● Work instructions: From the entries that follow, copy each line containing the word "Road".

● Exercise material:
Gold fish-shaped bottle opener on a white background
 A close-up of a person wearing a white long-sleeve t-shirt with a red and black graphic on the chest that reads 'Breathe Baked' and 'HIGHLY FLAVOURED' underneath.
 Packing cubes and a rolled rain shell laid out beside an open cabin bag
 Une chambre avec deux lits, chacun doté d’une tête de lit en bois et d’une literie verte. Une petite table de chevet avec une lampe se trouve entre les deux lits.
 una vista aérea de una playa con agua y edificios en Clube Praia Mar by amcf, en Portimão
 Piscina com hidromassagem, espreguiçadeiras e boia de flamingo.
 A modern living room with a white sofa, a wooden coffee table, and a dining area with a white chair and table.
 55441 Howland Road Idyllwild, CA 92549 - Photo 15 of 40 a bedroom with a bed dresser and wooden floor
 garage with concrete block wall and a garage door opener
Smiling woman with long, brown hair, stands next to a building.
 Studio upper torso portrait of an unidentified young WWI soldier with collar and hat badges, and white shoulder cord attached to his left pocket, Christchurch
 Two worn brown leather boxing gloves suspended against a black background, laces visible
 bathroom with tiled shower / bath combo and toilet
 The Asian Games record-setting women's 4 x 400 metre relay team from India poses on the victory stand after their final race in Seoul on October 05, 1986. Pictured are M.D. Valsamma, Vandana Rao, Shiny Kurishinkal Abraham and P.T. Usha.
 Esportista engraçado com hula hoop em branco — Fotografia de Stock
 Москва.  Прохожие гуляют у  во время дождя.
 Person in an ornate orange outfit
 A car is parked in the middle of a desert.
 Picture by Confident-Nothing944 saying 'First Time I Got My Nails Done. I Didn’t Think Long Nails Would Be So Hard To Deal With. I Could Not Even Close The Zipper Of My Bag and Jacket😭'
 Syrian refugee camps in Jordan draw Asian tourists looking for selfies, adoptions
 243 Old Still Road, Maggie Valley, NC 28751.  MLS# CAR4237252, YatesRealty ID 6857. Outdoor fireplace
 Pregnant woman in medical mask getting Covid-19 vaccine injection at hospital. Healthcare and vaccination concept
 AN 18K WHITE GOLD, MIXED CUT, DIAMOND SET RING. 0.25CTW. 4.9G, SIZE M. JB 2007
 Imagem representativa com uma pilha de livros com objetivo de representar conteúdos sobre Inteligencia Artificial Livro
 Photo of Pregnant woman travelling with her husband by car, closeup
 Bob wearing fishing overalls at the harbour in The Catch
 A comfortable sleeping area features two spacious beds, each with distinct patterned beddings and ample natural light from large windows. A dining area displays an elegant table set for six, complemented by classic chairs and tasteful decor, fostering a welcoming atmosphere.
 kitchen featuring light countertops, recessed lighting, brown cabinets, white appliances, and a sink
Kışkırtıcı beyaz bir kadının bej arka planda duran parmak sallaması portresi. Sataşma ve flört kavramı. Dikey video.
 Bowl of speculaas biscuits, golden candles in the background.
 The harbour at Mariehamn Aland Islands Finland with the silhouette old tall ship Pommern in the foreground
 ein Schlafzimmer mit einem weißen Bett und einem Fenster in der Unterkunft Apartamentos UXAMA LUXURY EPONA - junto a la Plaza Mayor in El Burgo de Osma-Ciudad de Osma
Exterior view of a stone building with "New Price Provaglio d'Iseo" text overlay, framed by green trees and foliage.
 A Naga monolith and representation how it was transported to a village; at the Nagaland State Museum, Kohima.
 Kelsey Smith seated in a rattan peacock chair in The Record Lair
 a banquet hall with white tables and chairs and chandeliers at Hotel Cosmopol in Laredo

● Problem solution:
 55441 Howland Road Idyllwild, CA 92549 - Photo 15 of 40 a bedroom with a bed dresser and wooden floor
 243 Old Still Road, Maggie Valley, NC 28751.  MLS# CAR4237252, YatesRealty ID 6857. Outdoor fireplace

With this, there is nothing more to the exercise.